KbsdJames / Omni-MATH

The official repository of the Omni-MATH benchmark.
41 stars 1 forks source link

Incomplete model generations in example file #1

Open wedu-nvidia opened 1 month ago

wedu-nvidia commented 1 month ago

Hello, I am currently working on a benchmark using this dataset and have noticed discrepancies in the results for llama-3.1 -70b. The repository only contains 100 examples, and the model's outputs ('model-generation') appear to be incomplete even for the 100 examples. Could I kindly request the full set of 4,428 model generations by llama-3.1-70b, including the complete outputs, so I can conduct a thorough comparison?

Thank you so much!

KbsdJames commented 1 week ago

Thank you very much for your attention and thorough exploration of our work. We apologize for our delayed response. During these days, we have been busy writing the technical report.

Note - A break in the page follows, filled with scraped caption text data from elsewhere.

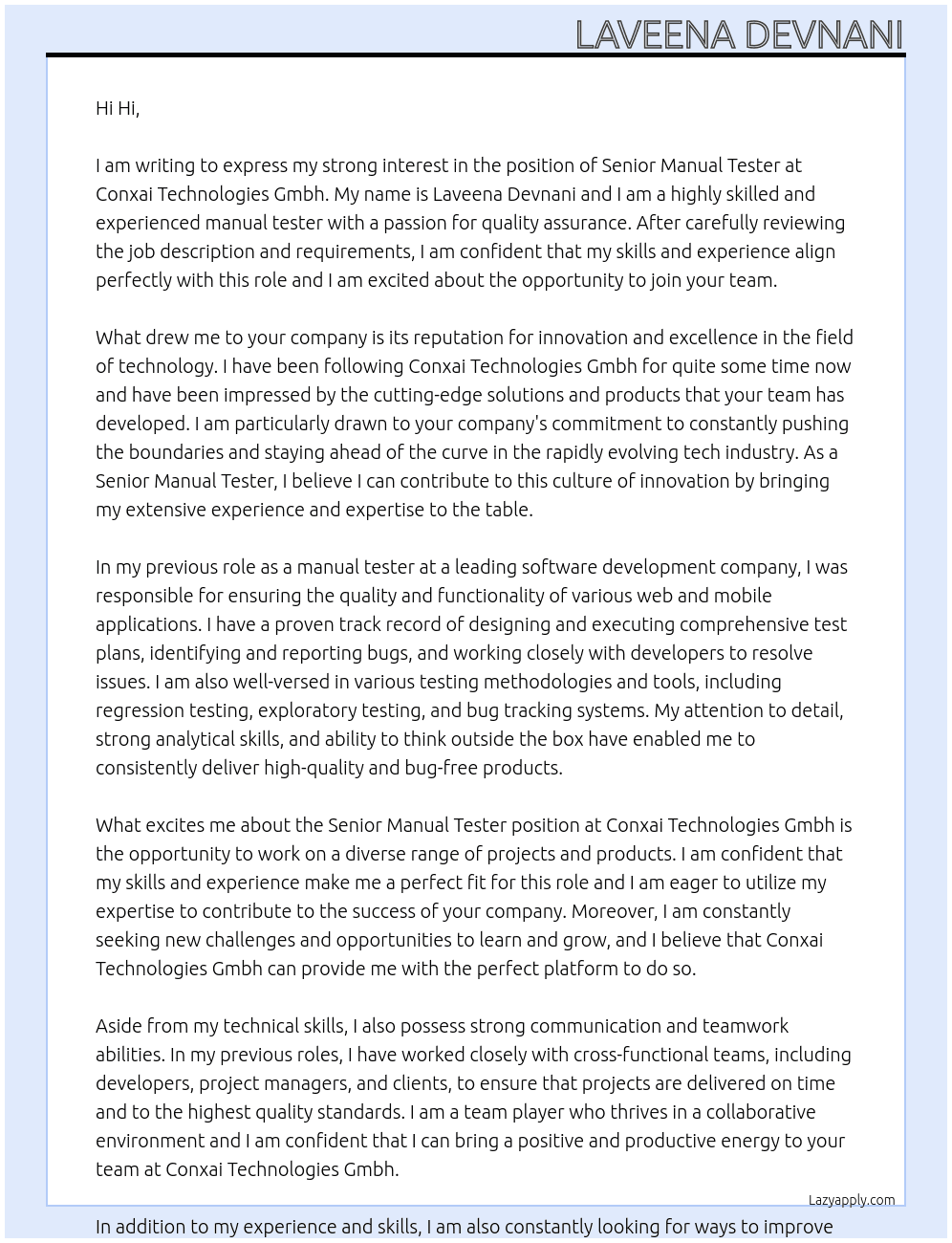 Senior manual tester At Conxai Technologies Gmbh Cover Letter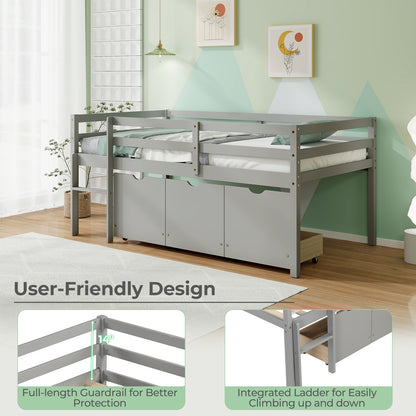 Kids Twin Low Loft Bed with 3 Storage Drawers and Safety Guardrails – Grey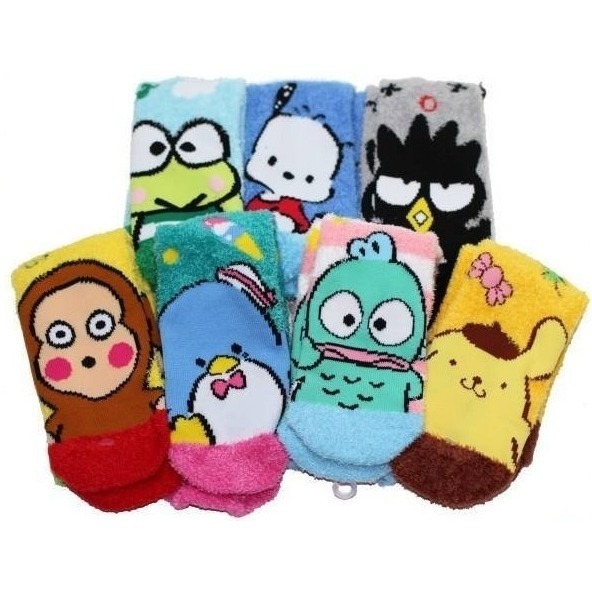 吾人智販 三麗鷗 正版 保暖襪 毛襪 淘氣猴 布丁狗 大眼蛙 帕洽狗 小浣熊 酷企鵝-細節圖2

For your question, you are correct in your observations. We later identified issues with the inference code for several models regarding the setting of max_new_tokens. After adjusting the max_new_tokens to 2048, we evaluate the models once again. In response to your request, we have made all outputs and GPT evaluation files for Qwen2.5-MATH-72b-Instruct and Llama-3.1-70b-Instruct available for your reference. We have also released our technical report. If you have other concerns you can further refer to https://arxiv.org/abs/2410.07985

Thank you once again for your interest and valuable feedback.